When the ensuing discussion (ahem) inevitably and immediately devolves into a swirling melee of nerd argument, it only reinforces that impression and probably puts many off the idea altogether.

“Just wing it” was called out as bad advice, and maybe it is, but “overthink the elf-game in the myriad, conflicting ways with which we will now collectively batter you about the head” is even worse.
 


<SNIP>
“Just wing it” was called out as bad advice, and maybe it is, but “overthink the elf-game in the myriad, conflicting ways with which we will now collectively batter you about the head” is even worse.
There is an old quote by Gen Eisenhower that ended up as a series of quotes in the Laws of Murphy...

The First Law of Combat: Never enter a battle without a proper plan of action.
Murphy's Corollary of the First Law: No plan of action survives first contact.
Comment on the corollary: Good plan? Good Luck!
 

Part of me thinks all advice is bad, because it suggests to the fledgling DM that this is some super-serious, intimidating task that requires advice.

When the ensuing discussion (ahem) inevitably and immediately devolves into a swirling melee of nerd argument, it only reinforces that impression and probably puts many off the idea altogether.

“Just wing it” was called out as bad advice, and maybe it is, but “overthink the elf-game in the myriad, conflicting ways with which we will now collectively batter you about the head” is even worse.
My usual actual advice to new dm's: relax. You'll make mistakes but so long as you're trying everyone will probably have fun.

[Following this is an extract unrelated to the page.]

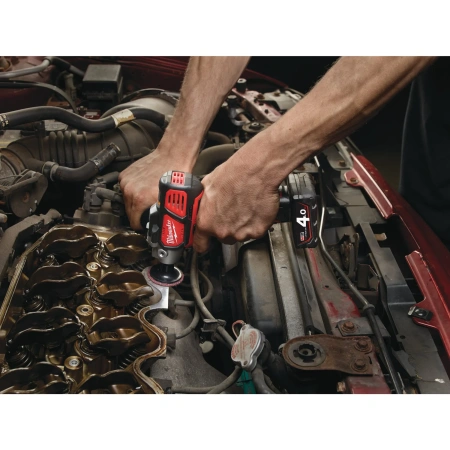Полировальная машина Milwaukee М12 BPS-421X  (Арт. 4933447799)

The rest comes with time and practice.
 

Players should absolutely lose half of the fights, POTENTIALLY. As the saying goes, in the OSR: "If the PCs find themselves in a "fair fight", it means their planning sucked."
Combat should ALWAYS be a last resort.

This is only true if you're playing for elements that do not strongly involve combat. This is far from universal.
 


Players should absolutely lose half of the fights, POTENTIALLY. As the saying goes, in the OSR: "If the PCs find themselves in a "fair fight", it means their planning sucked."
Combat should ALWAYS be a last resort.

Depends on what you want from the game. I’ve played in a very Black Company inspired game where every mission involved combat or at the very least the strong possibility there of. I mean, it was a military themed campaign. Sometimes, combat is the mission.

And this is before we start to look at other genres, games, or settings beyond the general D&D default.

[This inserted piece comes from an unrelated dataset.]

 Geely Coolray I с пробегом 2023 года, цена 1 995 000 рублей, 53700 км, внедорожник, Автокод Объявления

Building the setting around the PCs!?! That's putting the cart before the horses! I can't imagine any of those settings being concise, or making any sense at all.

And yet they can.
 

I have never heard this advice - ever. In thirty years never ever heard a DM utter to another DM this as advice.

I have heard it very often…right here on EN World and other places…but not usually framed as advice so much as simple expectation. Like the kind of quasi-medieval proto-setting of D&D can depart from actual medieval practices and elements in significant ways….but when it comes to gender roles and the like, oh no, that’s simply how the world was, so we need to maintain that fidelity. Even though there are pixies and beholders and lord knows what else.

So it usually is presented as an expectation of play more than as advice, but yeah, it comes up pretty often.
 

I have never heard this advice - ever. In thirty years never ever heard a DM utter to another DM this as advice.
Count yourself lucky! I've run across it at least 5-6 times in some variation, sometimes from really repugnant people, but others from seemingly innocent places.

One I like to tell was a Victorian Werewolf game where the ST repeatedly had the NPCs talk down to and tut-tut a female player. She had to stop the game and ask what was up. The ST explained to her that women were treated that way in Victorian times, and it was realistic!

She told him if she can be a hulking werewolf who could cross the gauntlet into a realm of spirits, she could also be treated like a normal person in our game of escapist fiction.

Luckily, he was a good guy in general and ran a great game after a day to cool off and think.